> [SOURCE DATA]:
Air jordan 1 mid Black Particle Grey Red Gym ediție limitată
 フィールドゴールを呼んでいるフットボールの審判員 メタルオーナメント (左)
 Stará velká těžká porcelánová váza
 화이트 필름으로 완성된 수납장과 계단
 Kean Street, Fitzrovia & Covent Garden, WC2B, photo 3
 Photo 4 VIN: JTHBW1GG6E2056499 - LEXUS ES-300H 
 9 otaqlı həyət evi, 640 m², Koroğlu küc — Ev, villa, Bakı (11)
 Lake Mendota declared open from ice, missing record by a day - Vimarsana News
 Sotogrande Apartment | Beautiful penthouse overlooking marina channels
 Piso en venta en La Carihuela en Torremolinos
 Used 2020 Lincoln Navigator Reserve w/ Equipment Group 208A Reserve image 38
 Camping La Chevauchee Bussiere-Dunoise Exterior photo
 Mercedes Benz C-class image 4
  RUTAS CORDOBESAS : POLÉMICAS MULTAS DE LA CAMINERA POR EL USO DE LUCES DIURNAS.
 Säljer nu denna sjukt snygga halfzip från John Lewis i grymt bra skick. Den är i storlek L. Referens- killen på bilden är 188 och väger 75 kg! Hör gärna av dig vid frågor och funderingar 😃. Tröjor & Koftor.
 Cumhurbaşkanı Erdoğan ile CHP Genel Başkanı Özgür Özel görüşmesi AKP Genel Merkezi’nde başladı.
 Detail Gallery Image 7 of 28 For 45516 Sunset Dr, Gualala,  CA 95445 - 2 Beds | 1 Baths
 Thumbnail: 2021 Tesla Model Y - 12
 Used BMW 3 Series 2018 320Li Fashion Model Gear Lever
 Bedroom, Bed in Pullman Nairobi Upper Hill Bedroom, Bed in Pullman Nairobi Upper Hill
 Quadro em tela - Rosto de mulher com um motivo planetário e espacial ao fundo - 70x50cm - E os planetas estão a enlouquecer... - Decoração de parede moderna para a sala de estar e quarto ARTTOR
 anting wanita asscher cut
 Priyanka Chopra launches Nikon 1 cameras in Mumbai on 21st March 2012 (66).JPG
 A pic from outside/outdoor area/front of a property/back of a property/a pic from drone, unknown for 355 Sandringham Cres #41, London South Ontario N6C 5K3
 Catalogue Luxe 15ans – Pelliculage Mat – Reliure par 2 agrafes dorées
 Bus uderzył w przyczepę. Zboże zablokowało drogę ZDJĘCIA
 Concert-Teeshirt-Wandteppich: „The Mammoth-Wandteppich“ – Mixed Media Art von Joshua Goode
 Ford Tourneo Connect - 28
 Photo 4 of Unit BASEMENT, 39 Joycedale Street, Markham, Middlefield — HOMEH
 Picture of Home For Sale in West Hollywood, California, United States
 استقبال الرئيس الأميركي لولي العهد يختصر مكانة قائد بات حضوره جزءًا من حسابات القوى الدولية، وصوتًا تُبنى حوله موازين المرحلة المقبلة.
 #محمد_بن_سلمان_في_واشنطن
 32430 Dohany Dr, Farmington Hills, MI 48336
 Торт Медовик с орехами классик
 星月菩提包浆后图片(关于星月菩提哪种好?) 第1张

> [EXERCISE DETAILS]:
Go through the material above, and wherever a line holds the word "Model", copy it.

> [RESULT OF THE EXERCISE]:
 Thumbnail: 2021 Tesla Model Y - 12
 Used BMW 3 Series 2018 320Li Fashion Model Gear Lever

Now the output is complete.